Drought management is a problem of minimising negative impacts, given uncertain information about past, present and future conditions. This will be dependent on how specific impacts and risks of droughts and water scarcity are understood, managed by key stakeholders, and shaped by institutions, regulation and markets.
The current legal regime in the UK involves a range of statutory provisions, regulations as well as non-binding soft law, which provide significant discretion for key actors to decide which demand and supply options are chosen to manage the impact of water scarcity. How key decision-makers exercise this discretion depends also on what evidence is available about drought impacts and options.
The below figure maps the drought planning framework in England. The key actors in the governance space for drought planning in England are Defra, Ofwat, the EA, water companies, customer-citizens, and consultants. Other actors include Natural England (NE), the Consumer Council for Water (CCW) the Drinking Water Inspectorate (DWI), and the European Union (EU).
A wide range of drought management options have been explored and reviewed as part of MaRIUS. A non-exhaustive list of options is shown in the chart below. The review has also highlighted which options for drought management practice in England & Wales are currently used or mentioned within water companies’ Water Resources Management Plans (WRMPs).

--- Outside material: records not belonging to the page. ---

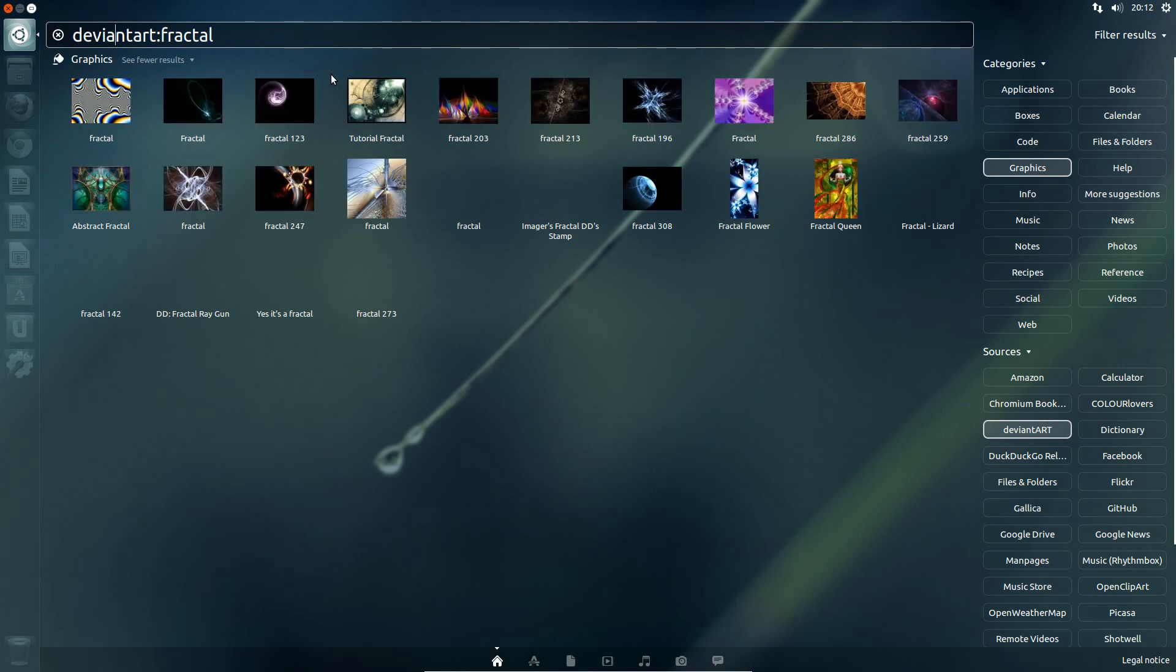It's very specific on the spelling. It doesn't sort of suggest if you're wrong. Anyway, there it is, deviantart fractals.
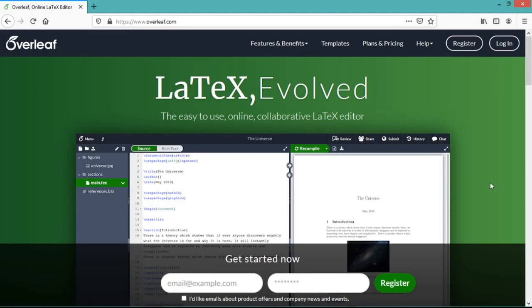Hello everyone, welcome to Mathematical Explorations. In this video you will learn how to write powers, indices, and fractions in LaTeX. So let us open our project.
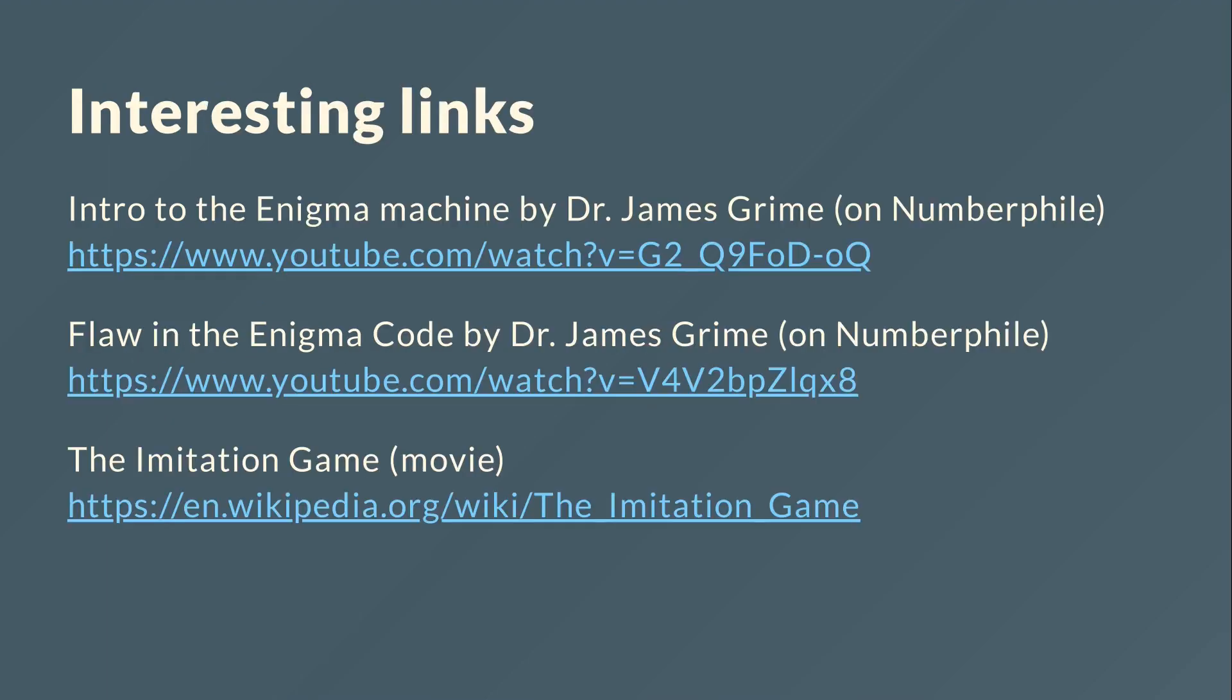And here's some interesting links. So two links, two videos from Numberphile where Dr. James Grime explains the Enigma machine in the first one, and in the second one the flaw, so what this video basically is about. And then we have The Imitation Game which is a movie, and it's not super accurate but it's quite nice to watch. See you next time.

A risk-based approach enables the development of management measures whose costs and impacts are in proportion to the probability and consequences of water scarcity, informed by a mature understanding of droughts from the perspectives of a range of communities and stakeholders. Improved understanding of uncertainties provides the basis for identification of management responses that are robust to uncertainty, reflect society’s attitude to risk, and help to make the case for adaptive management approaches informed by targeted data acquisition.
A wide range of management options have been modelled as part of MaRIUS. For example, different water resource management strategies related to the abstraction and allocation of water; water resource management strategies related to water demand and abstraction and effects on river flow, water quality, ecology, and the economy; and effects of irrigation management strategies on farming.
Water Supply Options
Water supply drought is where a shortage of rainfall causes water companies concern about supplies for their customers. Central to drought management will be decisions made about quantities of water to abstract (from a range of different sources), for storage or for allocation to different water users. Water resources simulation models (WRSM) can simulate abstractions, stores (including groundwater), transfers, the consumption of water and return flows. They can also be used to represent current or potential rules and arrangements for managing water resources.
In MaRIUS we have improved on existing WRSMs to provide capability to model the potential for, and robustness of, more sophisticated water allocation and management arrangements during droughts. This provides information on the probability of water shortages for different users under given management strategies, and allowed us to test a wide range of water abstraction, allocation and transfer strategies before and during droughts and during drought recovery.
It is anticipated that population growth and increased demand for water from households and industry will place more strain on the water supply system in the future, particularly when coupled with the projected effects of climate change on drought characteristics. As such, options to manage demand can be as crucial as options to manage or increase supply.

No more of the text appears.